Afar kırsalcıları onlara uyanırlar, onlarla yürürler geçmişe. Onların yanı başında oynar, tartışır ve kamp kurarlar. Onların arasında gezinirler. Bölgede büyük çoğunluğu eski on binlerce tozlu mezar taşı alanı doldurmakta. Görüntü güzel olduğu kadar dokunaklı. Afar’da ölen birinin ardından son nefesini verdiği yere büyük bir taş yerleştirmenin yanı sıra bu alandaki sayısız anıt mezara bir yenisini eklemek de geleneğin bir parçası. Uçsuz bucaksız bu çölün ortasında başka bir yol yok belki de. Ölü bazen bir duvarın, parmaklığın, bazense bir çitin ya da rüzgar tutucunun arkasında olabilir ama hiçbir zaman saklı olmaz. Afar’da yaşayanlar ise günlerini kendi mezarlıklarının arasında dolaşarak geçiriyorlar.
Fotoğraflar: Paul Salopek
Afar’da mezarlar titiz bir şekilde sınıflandırılmış. Aynı köyde yaşayan kabilelerin “qabri” olarak adlandırılan dizili taşları çorak bir ova da ya da tepenin yamacında bir araya toplanmış. 1 ya da 2 metre yüksekliğe kadar ulaşan daha büyük kaideler ise komşu kırsallar ile yapılan sonsuz savaşlar sırasında düşen erkekler anısına yapılmış. “wadlis” ya da “das” olarak adlandırılan bu anıt mezarların oldukça tartışmalı olmasının nedeni ise, Avrupalı kaşiflerin kısa bir süre öncesine kadar Afar’da yaşayanlar için hakaret sayılabilecek bir şekilde bu taş sıralarının bir savaşçının kaç kişiyi öldürdüğünü göstermek amacıyla yapıldığını sanmalarıydı.

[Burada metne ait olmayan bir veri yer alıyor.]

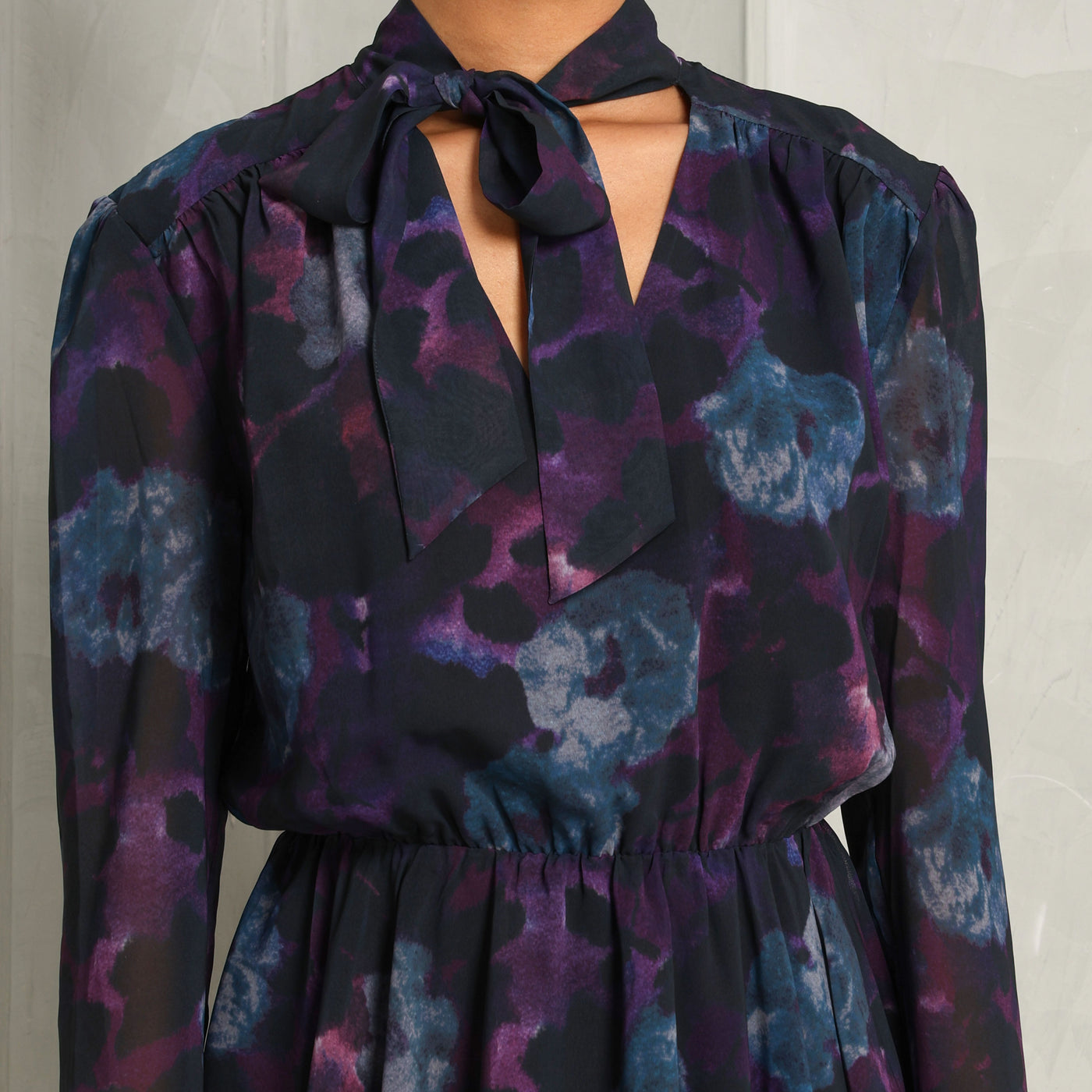 ROTATE Birger Christensen Purple Chiffon Flowy Mini Dress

Tıpkı bölgede yaşayanlar gibi ölü kemiklerinin saklandığı bu yerde yürüdüğünüzde, başlarda garip hissetseniz de çok geçmeden bu durum oldukça doğal bir hal alıyor. Dünya üzerinde var olmuş insanların %93’ünün yani yaklaşık 100 milyon kişinin artık yaşamadığını düşünürsek, bu kadar insanın bir yerlerde yatıyor olduğu gerçeğini göz ardı edemeyiz. Bir kısmı Rift Valley’de ayaklar altına dağılmış bir şekilde uzanıyor ve siz onların yolunu izliyorsunuz.